It’s your life, after all; you must value your autonomy as a human, and not let go of yourself!
7) They never avoid responsibility
From my experience, taking responsibility is like eating vegetables – it’s not always fun, but it’s good for you in the end.
People who are self-aware take ownership of their actions and never blame their partner for their mistakes. This is counterproductive and will only erode trust.
If they forgot about an important event, like an anniversary or birthday, they’ll tell them something along the lines of: “I’m incredibly sorry I forgot about that. I take full accountability. I’ll make it up to you,” and actually mean it.
They apologize when they’re wrong and work overtime to make things right. They also understand that avoiding responsibility can lead to a breakdown in trust and respect.
8) They never dismiss their partner’s interests
As you know, self-aware people understand that individuality is important in a relationship.
Self-aware people won’t dismiss their partner’s interests, even if they don’t share the same enthusiasm.
It’s important to recognize that having different interests and being independent can actually be beneficial for a relationship.
If your partner loves sports and you’re not a fan, you can still show an interest in their passion.
You might not be able to sit through a three-hour football game every day, but you can ask questions about their favorite team or players, or even participate in some sporty activities with them like shooting hoops or touch football.
This also indicates an investment in your partner, which leads me to my next point…
9) They never take their partner for granted
Here’s another thing: they know that taking their partner for granted is like forgetting to charge your phone – it works for a while, but eventually, it’s going to die.
Self-aware people show appreciation and gratitude for their partner, and they never forget to say “thank you” or “I love you.”
Out of the blue, maybe they’ll surprise their partner with a thoughtful gesture, like cooking them breakfast or treating them to their favorite food after a stressful week.
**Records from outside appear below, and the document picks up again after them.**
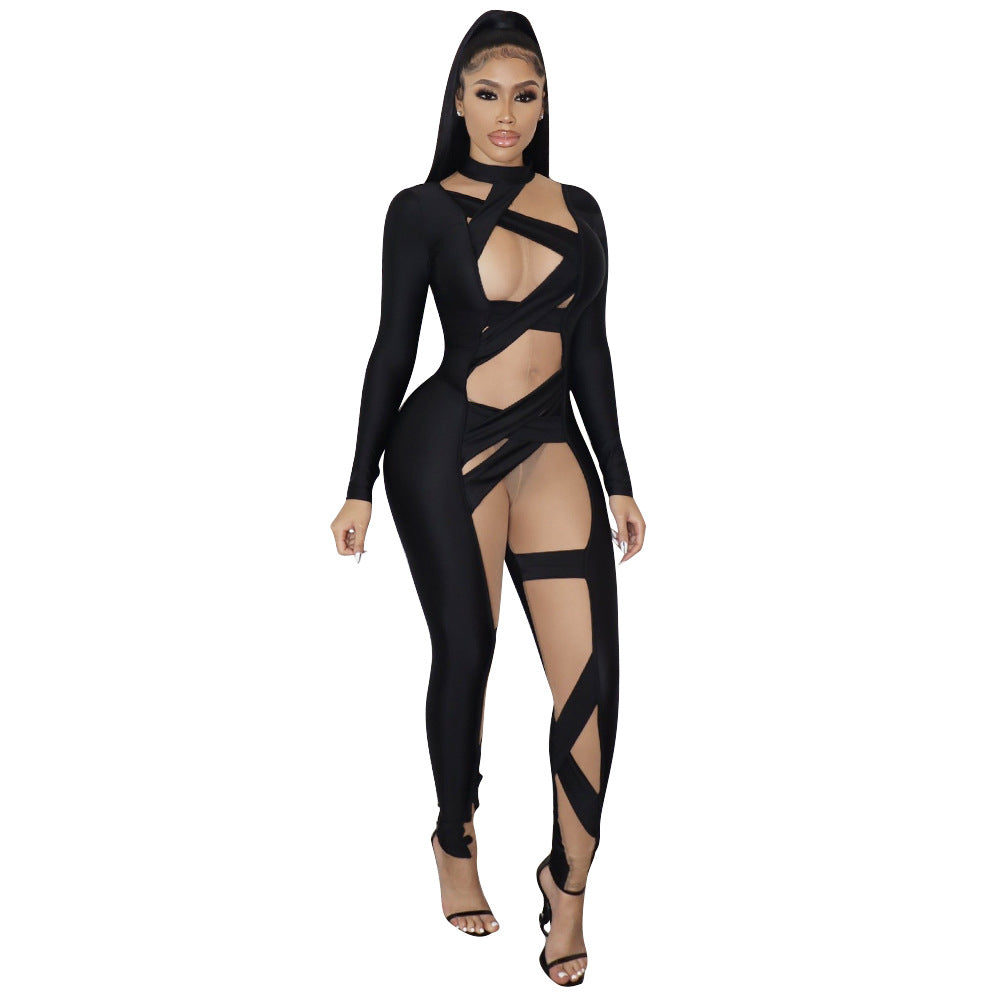 New Women Clothing Sexy Tight Bandage Mesh Stitching Long Sleeves Jumpsuit for Women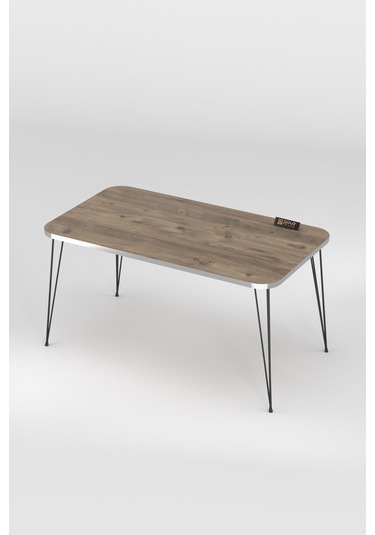 Orta Sehpa Kr Siyah Tel Ayak Gümüş Ceviz Ceviz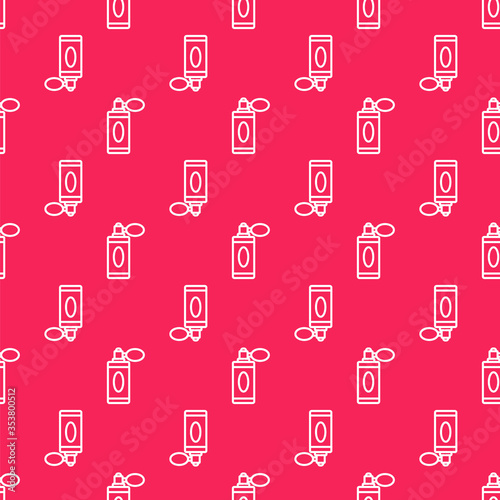 White line Aftershave bottle with atomizer icon isolated seamless pattern on red background. Cologne spray icon. Male perfume bottle. Vector Illustration.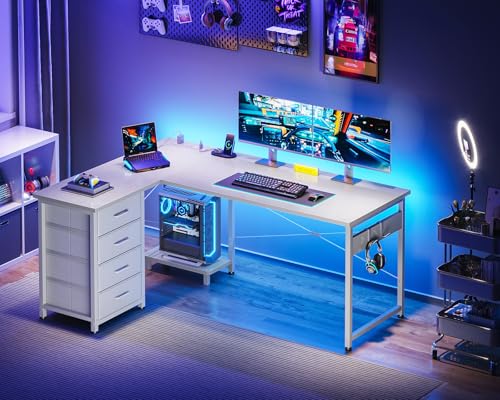 L Shaped Desk with 4 Tier Drawers, Power Outlets & USB, Corner Computer Desk with CPU Stand U4256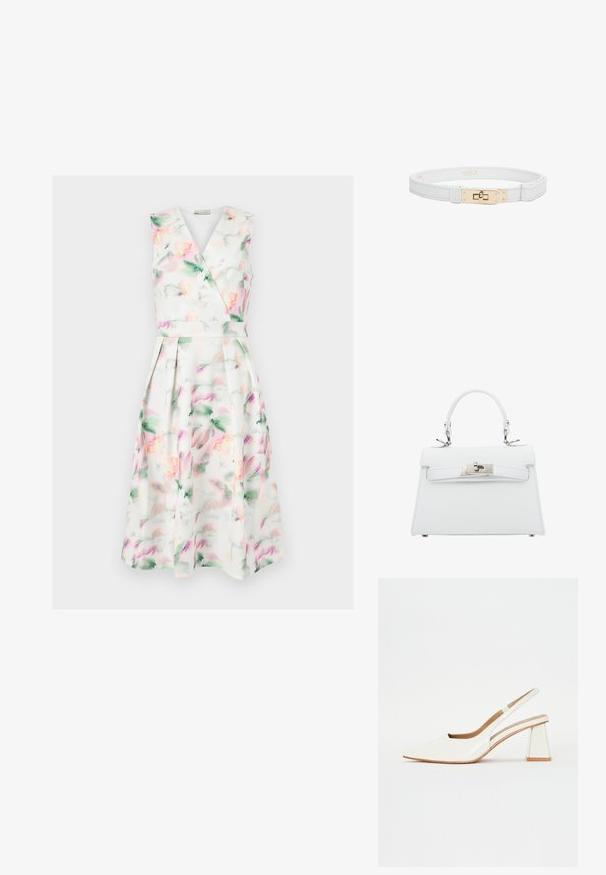 Mouwloze witte midi-jurk met pastel aquarel bloemenprint, V-hals wikkelbodysuit, getailleerde taille en geplooide rok.; Witte patenten leren slingback schoen met een spitse neus en een geometrische blokhak. Het interieur heeft een tan kleurige inlegzool en minimale zijsnedes.; Witte leren handtas met een gestructureerd ontwerp, handvat aan de bovenkant en zilveren hardware, voorzien van een gesp-sluiting en subtiele stiksels.; Witte leren riem met gouden metalen gesp met een rechthoekige draaivergrendeling, weergegeven tegen een witte achtergrond.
Don’t forget: it’s the little things that count.
Self-aware people understand that expressing gratitude is not only good for their relationship, but it’s also good for their own well-being!
10) They never hold grudges for long
I know it’s easier said than done. But at a certain point, you have to let it go!
Holding a grudge is like carrying around a bag of rocks. It’s heavy, it’s uncomfortable, and it’s likely to cause some serious damage if you throw it at someone.
Self-aware people are cautious of this and choose to unload their grudges, rather than use them as weapons in their relationships.
Forgiving someone doesn’t mean that you’re giving them a free pass for bad behavior. It just means that you’re choosing to move forward and focus on building a positive future.
Plus, let’s face it, holding onto anger and resentment is a pretty exhausting way to live.
Self-aware people would much rather spend their energy on things that actually matter, like building a strong and healthy relationship with their partner.
So, there you have it – 10 things that self-aware people never do in relationships. By making these principles a part of their everyday lives, self-aware people build strong relationships based on trust, respect, and mutual understanding.
Remember, relationships take work and effort, but with self-awareness and a dedication to growth, anyone can create fulfilling and meaningful connections with others. So, take these lessons to heart, and remember to have fun and enjoy the ride!